1. Introduction
The rapid development of modern society has brought with it issues, including energy shortages and environmental pollution. To overcome these issues, it is crucial to exploit renewable energy (RE) [
1,
2] resources. In recent years, the installed capacities of RE have been rapidly increasing around the world. For example, in China, the generating capacities of wind power and photovoltaic (PV) power were 131 GW and 42 GW, respectively, by the end of 2015 [
3]. Moreover, according to a recent report by the Energy Research Institute of the Chinese National Development and Reform Commission, both the RE electricity integration ratios of wind power and PV power are expected to reach approximately 30%, and their sum may rise to as much as 63% by 2050 [
4,
5]. However, the increased penetration of RE resources into distribution systems may lead to bidirectional power flow and bring abundant volatility and uncertainty, resulting in tremendous challenges to traditional distribution networks. To deal with these issues, traditional distribution networks are gradually evolving from a passive mode to an active mode. Hence, the concept of Active Distribution Networks (ADNs) [
6,
7,
8,
9] has been proposed. In the context of ADNs, distributed energy resources (DERs) (containing RE generators), controllable loads, and energy storage equipment can be actively adjusted using intelligent control techniques to attain specific operation objectives [
10].
The extant research has been primarily focused on the control [
11,
12], protection [
13,
14], and dispatching [
15,
16,
17,
18] of ADNs. This study will investigate optimal ADN dispatching. Golshannavaz et al. [
15] presented an optimal operational scheduling framework for intelligent distribution systems that are aimed at minimizing the day-ahead total operation costs to optimally control the active elements of distributed generations, the network, and demand response loads. In Ref. [
16], the objective of the operation model was to maximize the social welfare in a real-time distribution energy market based on locational marginal prices. A new probabilistic methodology was proposed to assess the impact of residential demand response considering the uncertainties associated with load demand, user preferences, environmental conditions, house thermal behavior, and wholesale market prices. In addition, Safdarian et al. [
17] developed a distribution company’s stochastic operation framework, consisting of the day-ahead operation and real-time operation stages. The objective of the two stages was to minimize the expected operating costs. In Ref. [
18], a bi-level optimization model of distribution networks with several micro-grids was built, with the upper level being aimed at maximizing the distribution networks’ profit and the lower level aimed at minimizing the micro-grids’ cost.
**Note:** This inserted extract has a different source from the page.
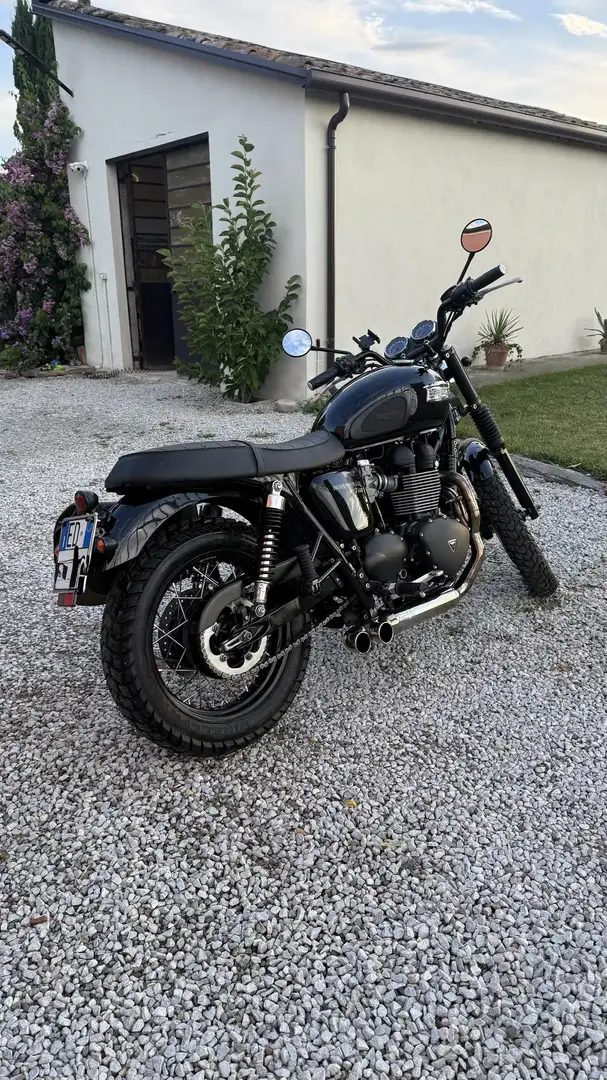 Triumph Bonneville T100 Black - 2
As described above, the previous literature primarily focused on minimizing operational costs or maximizing social welfare. Limited attention has been paid to load profiling with simultaneous optimization of both operational costs and social welfare. In the meantime, the power demands have increased dramatically with economic development. The similar electricity usage patterns of urban residents and the weak awareness of energy conservation lead to an increased load peak-valley gap and low energy efficiency. Therefore, it is necessary to investigate how to schedule coordinately the electric energy, including DERs, demand response (DR) resources, and energy storage devices using ADN technologies to improve energy efficiency and decrease the load peak-valley gap. In order to achieve the above targets, we propose the concept of load equilibrium entropy and use it as one objective function. The proposed load equilibrium entropy can quantify the overall equilibrium of a load curve, which reflects the optimization level of electric energy allocation. Certain practical implications of this study are as follows: First, for generators, optimal allocation of electric energy reduces the impacts of frequent starting or stopping. Secondly, for power systems, optimal allocation increases the security and stability of the system’s operation. Thirdly, for end-users, optimal allocation enables them to avoid the extensive usage of electrical power in the high peak load periods, thereby decreasing their electricity consumption cost and improving the electrical power consumption efficiency. Lastly, from the sustainable societal development perspective, optimal allocation saves energy and improves the efficiency of energy utilization.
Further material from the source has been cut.